In the vast assembly rooms, vehicles begin to take shape as castings, pistons, axles, springs, and thousands of other parts and pieces flow into the central assembly line. Coming in at right angles are the conveyors feeding in the parts via buckets, belts, rollers, monorails, and “scenic railways.” A seven-leafed car-spring has passed through its own assembly line—punch press, bending machine, nitrate bath, bolt insertion, painting, inspection—before joining the central procession. Roofs, wheels, windows, bumpers are clamped into place. A tall, black Model T triumphantly emerges at the end of the long line. Kindled into life by a gallon of gasoline, the car roars off in a cloud of exhaust to a railway siding and the awaiting freight train. The whole process, from ore to car, has taken perhaps a day….

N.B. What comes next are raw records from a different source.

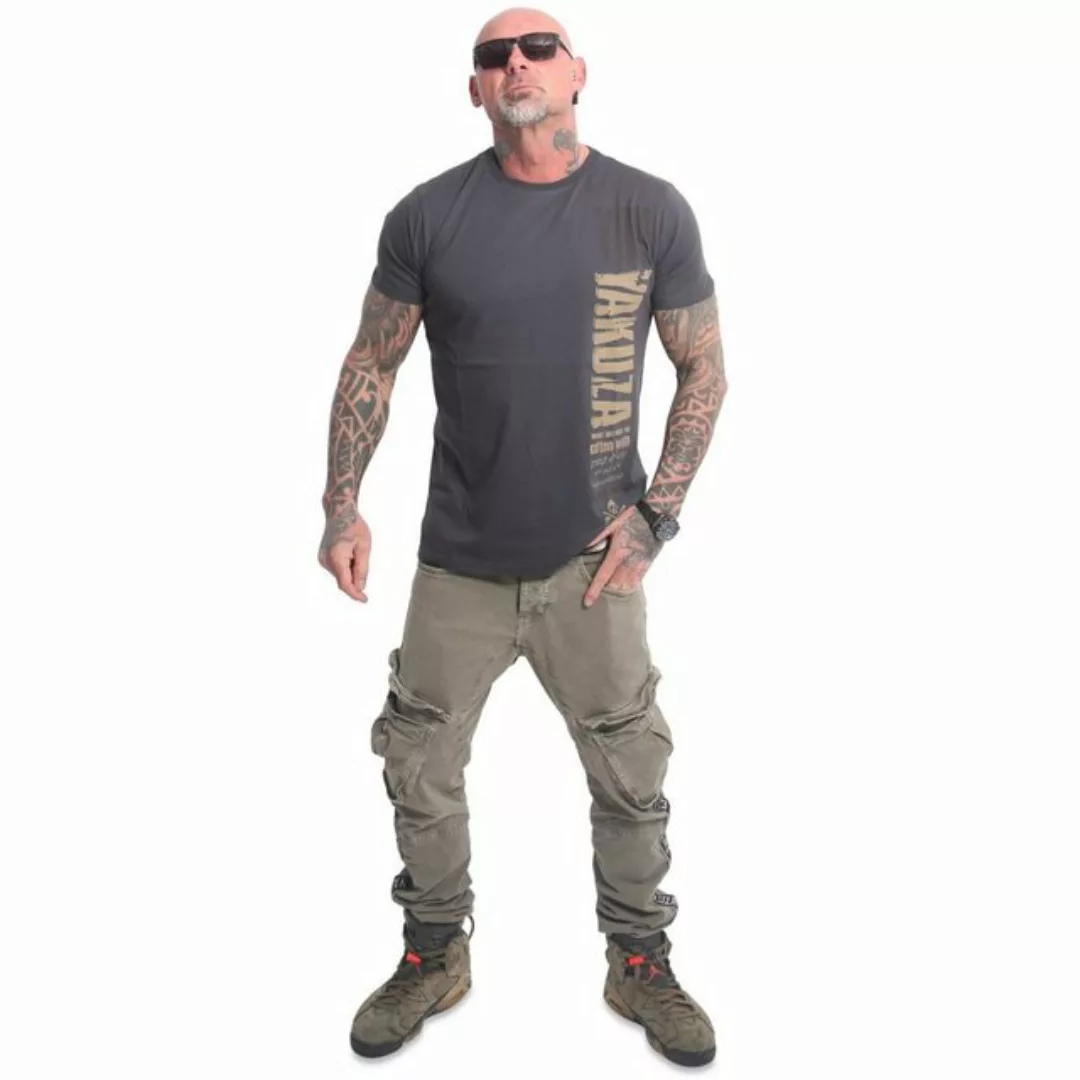 YAKUZA T-Shirt Teach günstig online kaufen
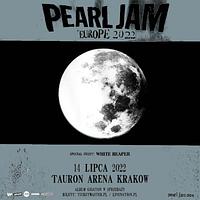 Plakat - Pearl Jam, White Reaper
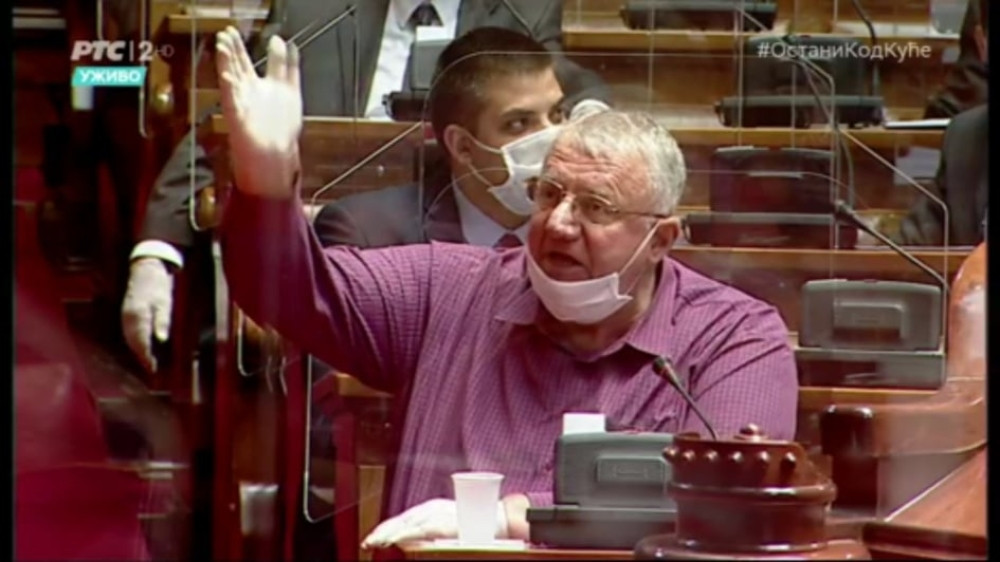 Kako su ubijeni Šiptar i Kum?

The men standing at the moving assembly lines and toiling in the rolling mill, powerhouse, blast furnaces, and foundry were considered the elite of American industry, well paid, well housed, well treated by a benevolent employer. Life at the Rouge was not easy. They were part of an army—75,000 men worked at the sprawling facility by 1926—and they were treated much like soldiers. Amid an ear-splitting roar, they fought their daily battle of production standing often shoulder to shoulder, absolutely dominated by the flow of work, just as the flow of work had been carefully adjusted to them. Each man had enough space to do his work, no more. Men did not move; only materials. Each work unit, wrote an admiring observer, was “a carefully designed gear which meshes with other gears
and operates in synchronism with them, the whole forming one huge, perfectly-timed, smoothly operating industrial machine of almost unbelievable efficiency.”

The whole plant seemed in motion as parts flowed from scores of tributaries into the mighty central stream. Men seemed in constant motion from the waist up as they drilled, inserted, bolted, clipped, plucked parts from small bins at their side, moved in a precise series of steps to an exact and demanding time sequence. Mass production, according to company doctrine, reduced the “necessity for thought on the part of the worker and ... his movements to a minimum.” Thus workers were expected to act as efficiently and automatically as machines. Plant bosses, on the other hand, were not only allowed to move about but required to. They were given desks without chairs so that they had to work standing up, or preferably on the move. Casual conversations were frowned upon. An air of anxiety hung over the whole place as workers labored and bosses scrambled to meet the company injunction—produce, produce, produce.